The subjects comprised 170 Japanese persons (74 males and 96 females) aged 20-75 years who visited a clinic to test for Helicobacter pylori infection. Folate intake was estimated using a semiquantitative food frequency questionnaire, and serum folate was measured in the residual fasting blood samples of the subjects. MTHFR C677T was genotyped using polymerase chain reaction.
The geometric means of serum folate level were 6.19, 6.20, and 5.17 ng/mL among the 60 participants with the 677CC genotype, 90 participants with the 677CT genotype, and 20 participants with the 677TT genotype, respectively.
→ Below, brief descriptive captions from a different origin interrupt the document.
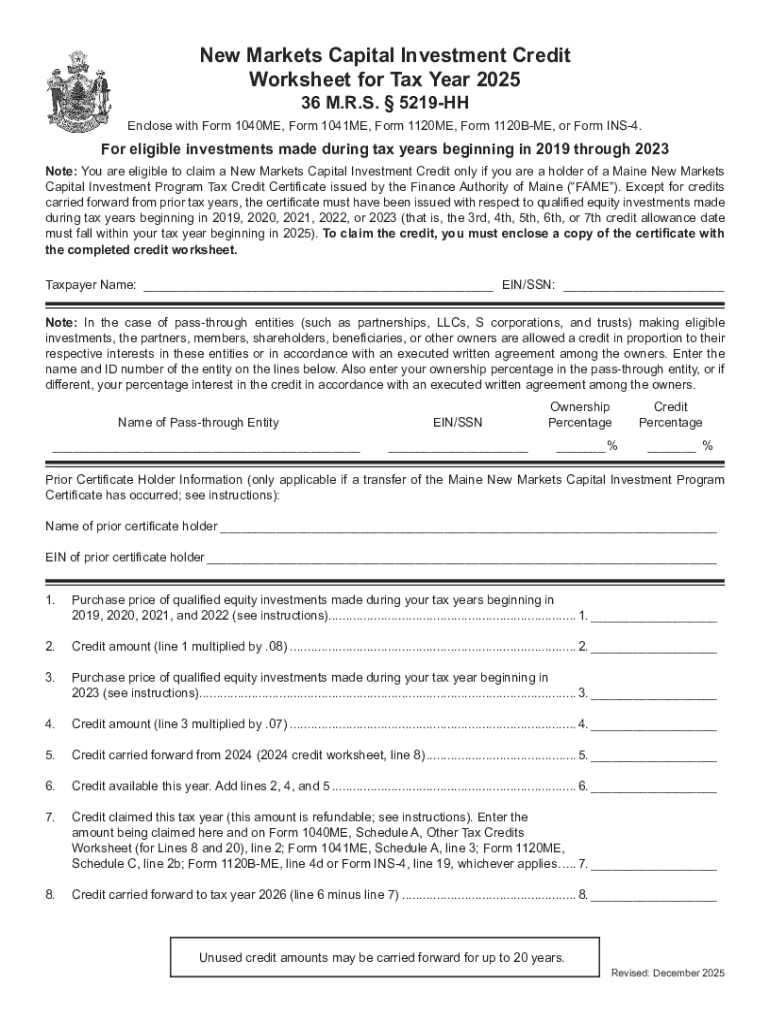 New Markets Capital Investment Credit Preview on Page 1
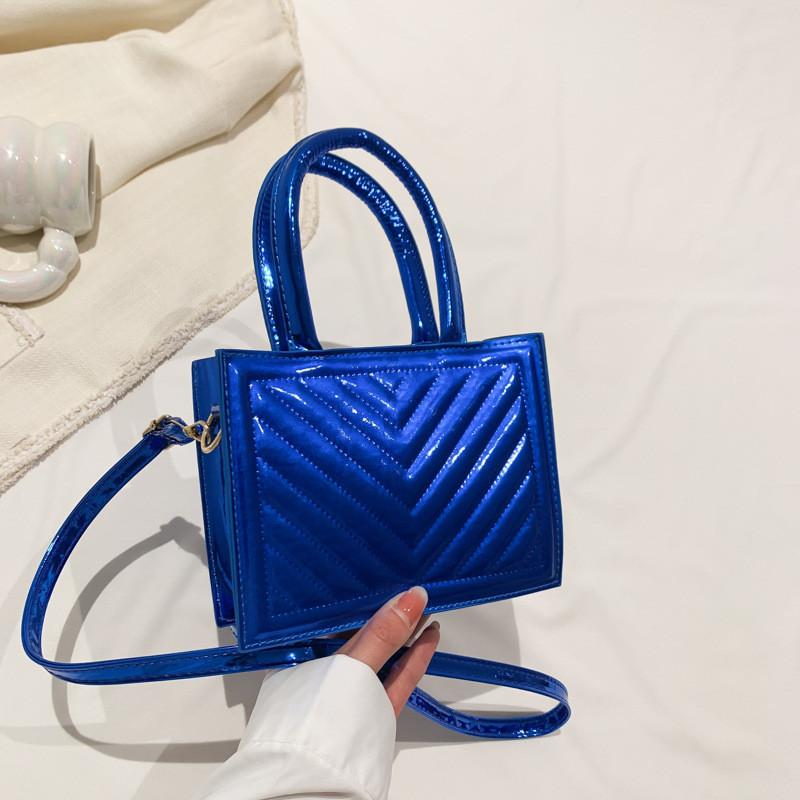 

Contemporary Small Square Handbag For Women Fashionable Zippered Everyday Shoulder Bag синій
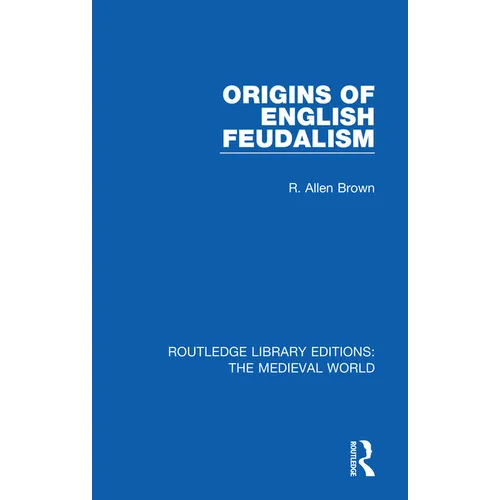 Origins of English Feudalism - Paperback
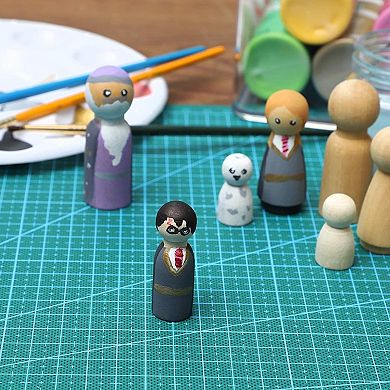 50 Pcs Unfinished Wooden Peg Doll Bodies Figures For Painting Diy Art Craft 1.8"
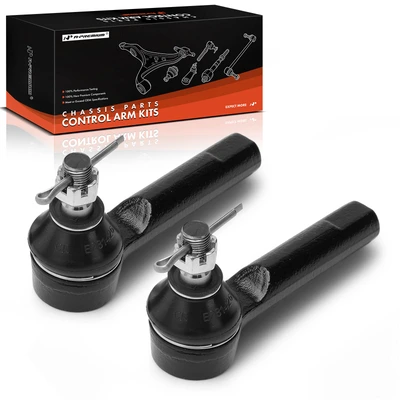 2 Pcs Front Outer Steering Tie Rod End
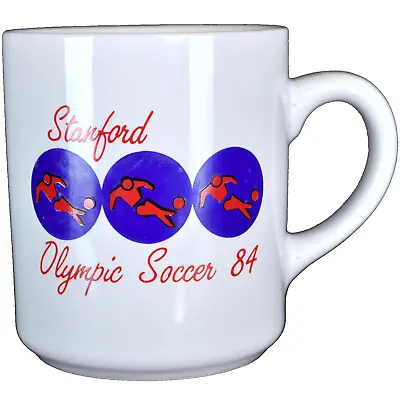 Stanford Olympic Soccer 1984 Vintage Coffee Mug Cup Summer Palo Alto NorCal • $19.95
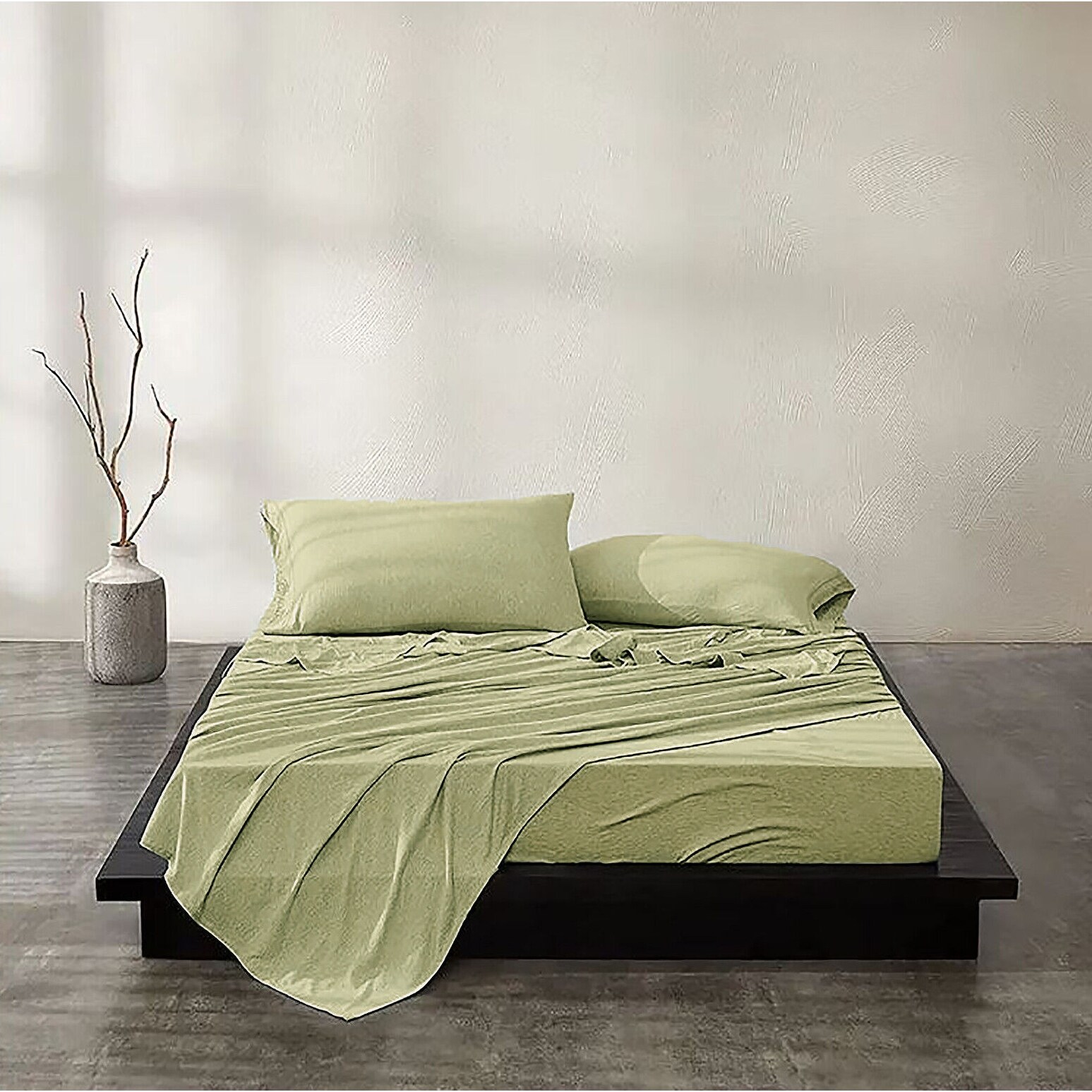 Sage Green Luxury Extra Soft Deep Pocket Fresh Breathable Sheet Set On Sale Bed Bath Beyond 39206780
No difference was noted in the mean folate intake estimated using the food-frequency questionnaire. Regression analysis showed that log(e)(serum folate) adjusted for age, sex, and log(e)(folate intake) was significantly lower among those with the 677TT genotype than among those with the 677CT or 677CC genotypes (p = 0.01). The adjusted reduction in serum folate was 20.2% (95% confidence interval, 5.4-32.6%) in the case of the 677TT genotype relative to the levels in the case of the 677CC/677CT genotypes. When folate intake was adjusted for total energy intake, using the residual method, the slope of the regression line for 677TT was smaller than those of the regression lines for 677CC and 677CT.
Individuals with the 677TT genotype may need to consume more folate to maintain serum folate levels similar to those found in individuals with the 677CC/677CT genotypes.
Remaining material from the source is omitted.